Parlez moi de patience mais c’est une inconnu, je me presse, je m’essouffle dans un théâtre immobile où ce sont les autres qui voyage dans les grandes villes et les beaux paysages, à moi il ne reste que le désert, tout le monde se réjouit et je ne vois plus personne. C’est tout un peuple qui vit et profite parce qu’il n’a qu’une vie cependant ma vie est dépeuplé et je suis un étranger dans cette vie, j’attends le monde à venir.

Rien de bon pour moi ici, ma fin justifie mon destin et je reste sur ma faim.

Ton école seigneur est chemin de torture, je ne ressent plus parceque je ressent trop, je suis harcelé d’agacements tout ce qui me gène et qui m’irrite passent la journée à mes côtés dans l’espoir de m’abattre et de me faire plier . 

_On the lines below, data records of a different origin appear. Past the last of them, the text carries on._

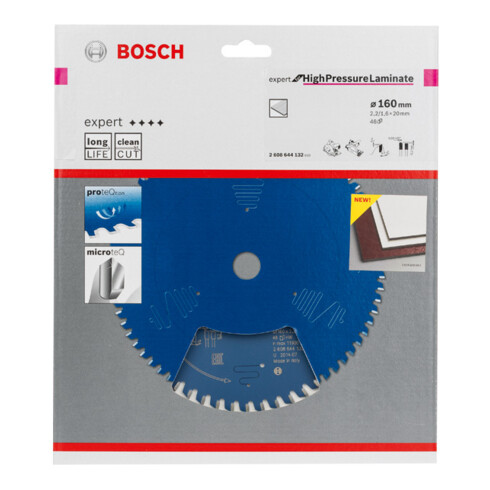 Lame pour scie circulaire Bosch Expert for High Pressure Laminata 160 x 20 x 2,2 mm 48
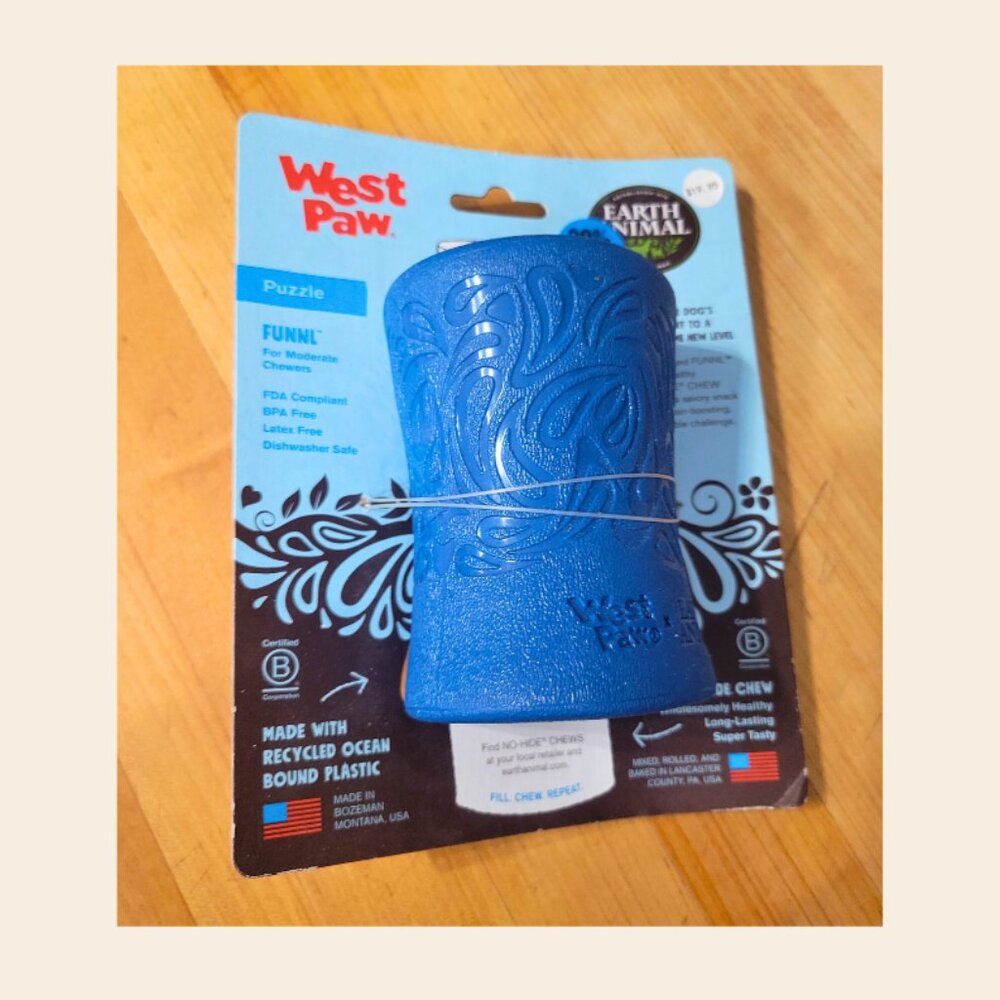 West Paw Funnl™ Dog Chew Treat-Dispensing Puzzle Toy | Durable & Eco-Friendly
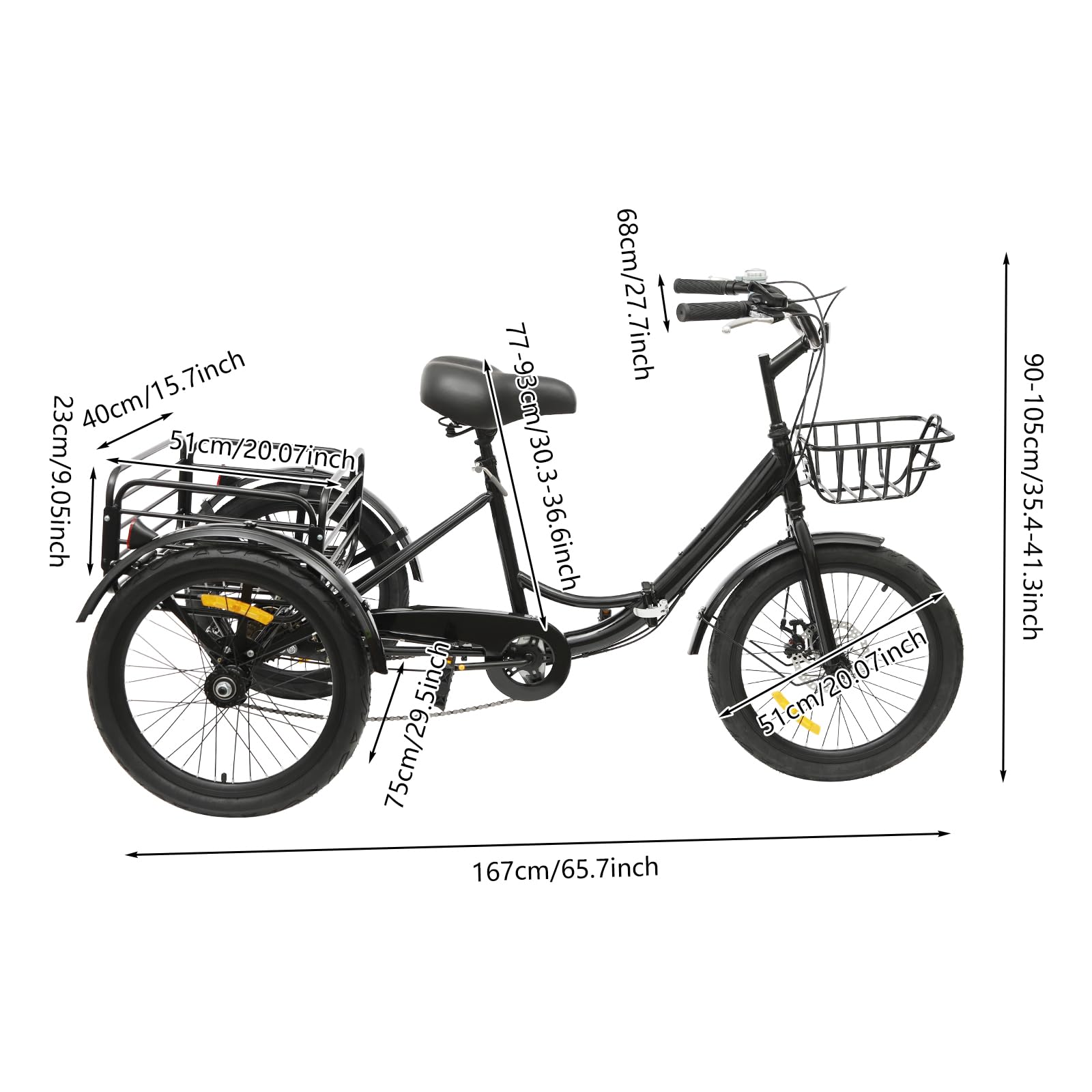 20 pollici Triciclo per adulti Biciclette a 3 Ruote con Cestino, 7 marce Tribike da Pieghevole Bicicletta Cargo per adulti, anziani e donne, altezza regolabile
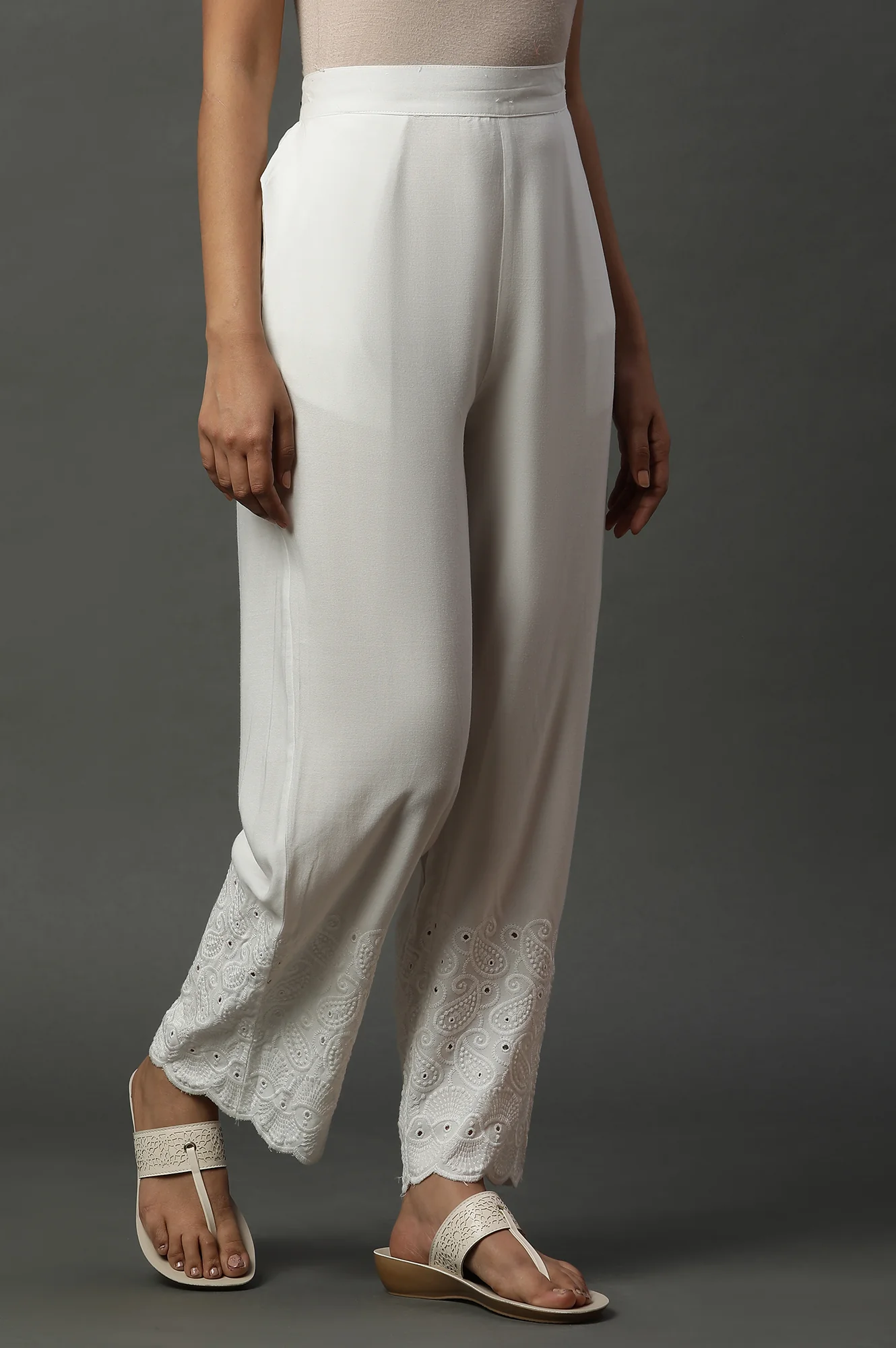 White Schiffli Embroidered Narrow Palazzo - Image 4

Je suis envahi de peur jusqu’à en être étourdi, c’est épuisant.

L’enfant lui s’amusait à faire des bêtises oubliant qu’il serait puni, moi je suis puni par la peur qui s’amuse avec moi.

C’est peut être une punition préventive qui a le mérite de me préparer à un mystère qui me tuerai d’effroi si je n’étais pas familier de celle ci ? 

Préparer un sol pour qu’il soit fertile avant d’être semer doit aussi être labourer en profondeur, la terre retournée et mise à l’air et au jour pour stimuler la nourriture qu’il y a en elle et faire croître la graine semée et donner son fruit.

Alors le coeur et l’âme doivent être ainsi creuser, travailler et retourner, mais le semeur se fait attendre tandis que mes entrailles sont au grand air.

Je ne connais que cette violence de la terre de mon cœur retourné, de mon âme assoiffé attendant qu’enfin quelque chose grandisse en moi.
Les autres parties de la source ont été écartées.